Friday, January 08, 2016

SW:TFA

Amid all the holiday travel, I managed to see Star Wars: The Force Awakens, and have been considering what to say about it. I find I don't really have much.

(1) The story's not very original, of course, but the characters are excellent. This is seen in any number of ways. The most obvious is that they don't whine -- even Kylo Ren doesn't really whine, despite the fact that he often looks like he wants to do so. We've had whining characters in Star Wars from the beginning; Luke spent a lot of time whining, and Anakin took whining to the level of a performance art.

They also don't respond in wooden ways, which is a massive improvement as well. Just the acting and character direction on their own make the movie better than any of the prequels. One of the things that makes the movie is that Finn and Rey, without either of them being in any way goofy characters, do ebullience very well. My favorite moment in the movie is when Rey manages to bypass the technobabble-thingamajig and she is practically sparkling with triumph, which sets up Han's dry, understated reaction to it perfectly.

(2) The theme of the movie is the danger of fear; it pops again and again as something that holds us back from good. And their doing so is generally handled well, and in ways suitable to the characters. And it's notable that what both Rey and Finn need to overcome their very different fears is friendship -- both of them escape their fears when they are put in situations in which they realize they can no longer use being alone in the world as an excuse.
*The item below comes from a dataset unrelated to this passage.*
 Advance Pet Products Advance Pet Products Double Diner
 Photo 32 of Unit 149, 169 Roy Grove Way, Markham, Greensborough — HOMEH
(3) There are some weaknesses. The battle and duel choreography have nothing of the excellence of the best fights of the earlier movies, for instance. Even minor fights in the prequels, for instance, were better choreographed than anything here. (It does help a lot that the movie makes it easier to care about the characters involved in these sequences. That was the problem with the prequels -- carefully choreographed fights between characters with whom we had little connection in circumstances that usually seemed not to matter much. And one of the worst choreographed fights in all of the movies, that between Darth Vader and Obi-Wan Kenobi in Episode IV, is one of the best fights of all, precisely because it is between characters who really matter under circumstances that really matter and is played out in a way that continues to matter for the story. There's nothing on that level here, but it does at least avoid the sterility of the prequels.)